Brian Head Scenic Drive
Panguitch Lake, along the Brian Head Scenic Drive
The Brian Head Scenic Drive is a 51-mile route along U-143 across Dixie National Forest from Parowan through Brian Head and on to Panguitch. There seems to be a disconnect between Utah DOT and the FHWA in that the FHWA uses the name "Utah's Patchwork Parkway" for the same scenic byway.
Parowan is along Interstate 15, Panguitch on US Highway 89. In between are Brian Head Ski Resort and some of the highest mountains in Utah. The "Patchwork Parkway" name came from an incident in the early days of Mormon settlement. During a particularly hard winter, a group of starving pioneers from the Panguitch area made their way across the mountains by laying quilts on top of the deep snow to help them cross to settlements in the valley to the west.
Most of the settlements along this route were founded in the 1850's by Mormon pioneers and the area is filled with historic sites and well-preserved examples of Victorian architecture. The entire historic area of Panguitch is listed on the National Register of Historic Places. Panguitch and Parowan were both founded on sites previously occupied by the prehistoric Fremont people. The areas around both towns show an abundance of petroglyphs and pictographs.
The Brian Head Scenic Drive is also a singular route in that it offers a 4,500' change in elevation and crosses six major life zones in its 51 miles. The rise from Parowan to Brian Head is fast, with several large switchbacks in the road. You'll rise from southwestern desert into sub-alpine forest. Then you pass by North View at Cedar Breaks National Monument and the intersection with the Cedar Breaks Scenic Byway. From there, the route runs along the side of Mammoth Creek into the mountains before skirting a recent lava flow to arrive at Panguitch Lake.
Panguitch Lake these days is a mecca for fishermen with its cold, blue, trout-filled waters. Then you're skirting the edge of more lava flows to Panguitch Creek where you'll slowly descend in the canyon for a few miles. When Panguitch Creek Canyon starts to narrow, the road strikes out east and heads down the hill to end in the town of Panguitch.
There aren't many people in this countryside and there's no industry to speak of. When it gets dark at night, the stars come out, way out. Stars like you might have never seen before. As nearly the entire scenic byway is in Dixie National Forest, there are plenty of trail heads and campgrounds along the way. Parts of the road are closed in winter. The northern end of the Cedar Breaks Scenic Byway is usually gated shut in the winter, but that's the time when you want to be hanging out at Brian Head Ski Resort anyway...

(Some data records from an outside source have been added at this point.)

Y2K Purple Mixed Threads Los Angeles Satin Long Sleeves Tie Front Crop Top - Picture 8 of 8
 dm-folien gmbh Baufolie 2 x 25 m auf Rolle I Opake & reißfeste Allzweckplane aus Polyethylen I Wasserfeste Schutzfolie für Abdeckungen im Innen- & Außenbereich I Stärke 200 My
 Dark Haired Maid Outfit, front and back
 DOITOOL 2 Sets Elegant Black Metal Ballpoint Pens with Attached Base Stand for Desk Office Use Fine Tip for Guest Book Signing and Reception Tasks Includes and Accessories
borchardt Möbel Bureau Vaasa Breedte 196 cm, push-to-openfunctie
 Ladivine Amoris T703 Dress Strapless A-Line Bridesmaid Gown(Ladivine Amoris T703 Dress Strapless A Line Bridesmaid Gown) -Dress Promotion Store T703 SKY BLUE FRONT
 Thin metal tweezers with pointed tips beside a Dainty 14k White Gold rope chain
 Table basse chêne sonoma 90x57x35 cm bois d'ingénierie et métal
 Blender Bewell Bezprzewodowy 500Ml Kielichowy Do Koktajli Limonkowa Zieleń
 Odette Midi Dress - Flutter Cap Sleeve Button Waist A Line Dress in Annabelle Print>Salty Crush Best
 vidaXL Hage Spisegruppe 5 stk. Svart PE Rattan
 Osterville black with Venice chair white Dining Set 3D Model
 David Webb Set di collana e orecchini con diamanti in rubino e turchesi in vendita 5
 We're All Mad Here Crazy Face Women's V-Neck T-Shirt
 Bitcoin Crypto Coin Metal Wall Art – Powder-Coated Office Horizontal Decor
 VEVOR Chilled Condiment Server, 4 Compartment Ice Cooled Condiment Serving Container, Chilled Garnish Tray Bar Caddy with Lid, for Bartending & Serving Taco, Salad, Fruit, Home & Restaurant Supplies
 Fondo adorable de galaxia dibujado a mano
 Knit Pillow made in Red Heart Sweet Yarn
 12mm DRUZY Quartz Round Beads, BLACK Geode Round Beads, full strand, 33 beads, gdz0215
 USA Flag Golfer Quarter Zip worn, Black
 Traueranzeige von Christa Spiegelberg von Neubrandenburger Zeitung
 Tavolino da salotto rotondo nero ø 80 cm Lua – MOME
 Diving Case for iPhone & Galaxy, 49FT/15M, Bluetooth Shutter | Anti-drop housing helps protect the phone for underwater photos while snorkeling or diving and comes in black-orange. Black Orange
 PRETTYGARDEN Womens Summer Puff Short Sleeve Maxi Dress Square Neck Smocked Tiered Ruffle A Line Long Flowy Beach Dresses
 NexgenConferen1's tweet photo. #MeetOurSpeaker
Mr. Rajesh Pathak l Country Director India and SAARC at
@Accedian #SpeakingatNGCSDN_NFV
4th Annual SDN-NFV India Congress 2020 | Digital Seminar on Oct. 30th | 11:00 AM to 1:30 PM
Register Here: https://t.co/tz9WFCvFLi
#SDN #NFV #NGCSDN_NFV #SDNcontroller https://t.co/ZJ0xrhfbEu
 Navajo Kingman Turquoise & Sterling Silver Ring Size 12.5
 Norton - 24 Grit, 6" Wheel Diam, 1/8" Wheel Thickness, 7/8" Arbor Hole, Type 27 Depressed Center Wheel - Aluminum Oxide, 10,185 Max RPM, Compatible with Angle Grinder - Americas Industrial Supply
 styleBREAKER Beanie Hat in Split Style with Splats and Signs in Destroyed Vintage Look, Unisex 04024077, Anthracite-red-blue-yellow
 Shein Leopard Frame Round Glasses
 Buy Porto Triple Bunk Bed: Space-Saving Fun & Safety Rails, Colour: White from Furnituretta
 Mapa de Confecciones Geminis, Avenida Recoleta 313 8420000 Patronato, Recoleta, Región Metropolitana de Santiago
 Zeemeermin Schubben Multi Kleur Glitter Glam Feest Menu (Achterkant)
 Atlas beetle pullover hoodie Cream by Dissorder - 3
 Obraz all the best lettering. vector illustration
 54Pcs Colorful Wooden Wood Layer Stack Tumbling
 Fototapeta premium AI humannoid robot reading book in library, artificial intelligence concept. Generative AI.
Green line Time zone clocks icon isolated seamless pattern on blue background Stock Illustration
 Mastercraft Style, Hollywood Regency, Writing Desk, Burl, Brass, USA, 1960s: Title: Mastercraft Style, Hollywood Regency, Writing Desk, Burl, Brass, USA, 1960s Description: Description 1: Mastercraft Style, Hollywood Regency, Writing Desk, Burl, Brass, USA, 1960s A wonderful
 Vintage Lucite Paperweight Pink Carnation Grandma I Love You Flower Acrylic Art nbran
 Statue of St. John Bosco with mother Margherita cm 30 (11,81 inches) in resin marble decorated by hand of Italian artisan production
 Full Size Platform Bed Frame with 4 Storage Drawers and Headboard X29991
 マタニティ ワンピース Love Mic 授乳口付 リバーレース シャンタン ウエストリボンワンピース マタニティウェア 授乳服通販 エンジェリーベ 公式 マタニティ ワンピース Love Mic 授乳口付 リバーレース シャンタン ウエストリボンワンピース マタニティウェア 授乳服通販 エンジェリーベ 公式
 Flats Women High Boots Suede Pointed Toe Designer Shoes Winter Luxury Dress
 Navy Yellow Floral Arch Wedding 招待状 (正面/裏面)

Update 2015: I drove the section of this route from Parowan to Brain Head in late September. The canyon out of Parowan was a steady climb all the way to Brian Head. The the route snaked around through Brian Head Resort before heading further up the hill to crest just south of the actual Brian Head rock outcropping on top. There is a dirt road there leading up to the rock but I stayed on the highway and very shortly came to the North View turnoff at Cedar Breaks National Monument. That's where I turned and followed the Cedar Breaks Scenic Byway to its junction with the Markagunt High Plateau Scenic Byway.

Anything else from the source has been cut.